The right to decide

‘Soundings’ and ‘Syn og Segn’ debate sovereignty and citizenship; ‘Index on Censorship’ asks if we protest enough – or too much; ‘Osteuropa’ makes a sober assessment of Czech politics; ‘Revolver Revue’ talks to concept artist Karel Miller; ‘New Eastern Europe’ investigates a growing generation gap; and ‘L’Homme’ revisits sisterhood.

Soundings (UK) 67 (2017)

Hostility to Catalan regional autonomy from Spain’s conservative People’s Party since 2010 is what has catalysed the current secession debate, argues Nora Räthzel in Soundings. In an informative article, she explains the positions on independence of Catalonia’s political parties, looking especially at the role of the social democratic PSOE – whose opposition to a referendum was, among other things, the stumbling block to a coalition with Podemos in 2015, and whose refusal to negotiate with the Catalan government during the current crisis is partly responsible for the stalemate.

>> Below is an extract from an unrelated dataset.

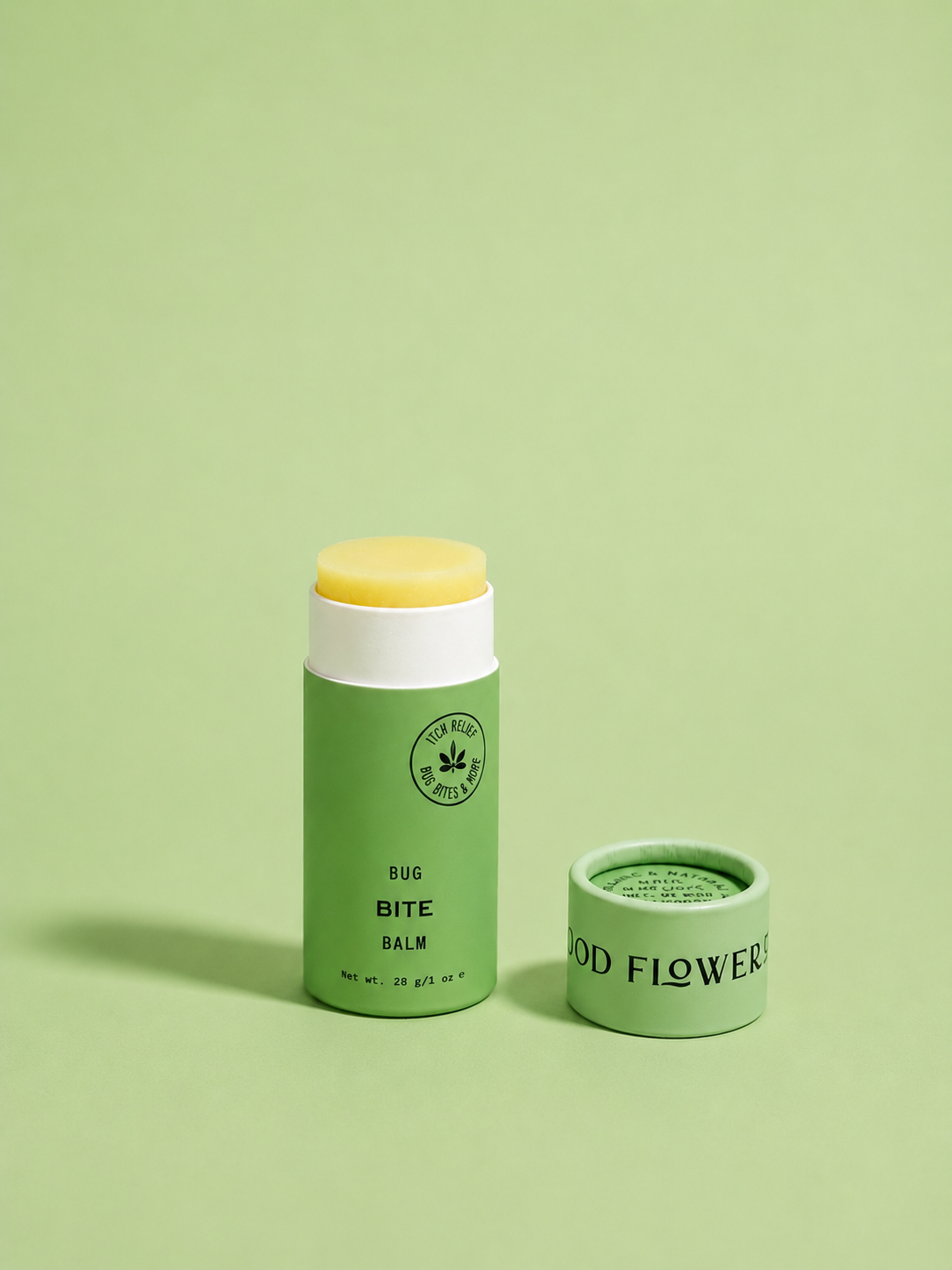 A green tube from the good-flower-farm Seasonal Skincare Bundle sits with its cap off, revealing the yellow balm inside, all arranged on a light green background.
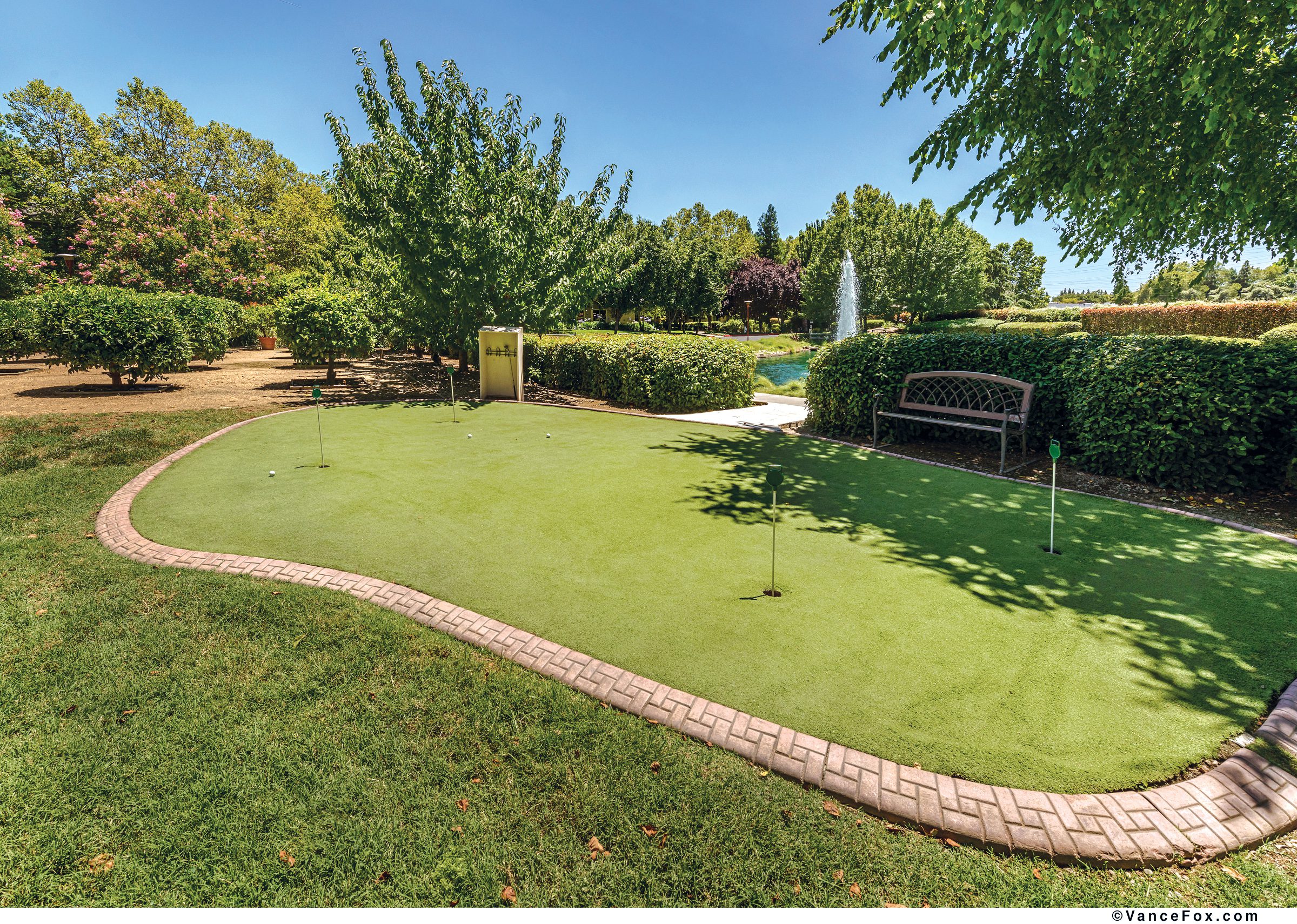 A backyard putting green with a serene fountain, perfect for practicing your golf skills.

The right to decide is supported by between 70 and 80 per cent of the Catalan population, while only around half support independence as such, writes Räthzel. And yet parties that defend the democratic process – which include Podemos and its Catalan branch Catalunya en Comú – are now squeezed between hard-line independentistas and far-right defenders of the unity of the Spanish nation. ‘The European left should be supporting Podemos and other left groups demanding the right to decide,’ argues Räthzel. ‘This would not imply support for independence or any kind of nationalism – whether or not in progressive form.’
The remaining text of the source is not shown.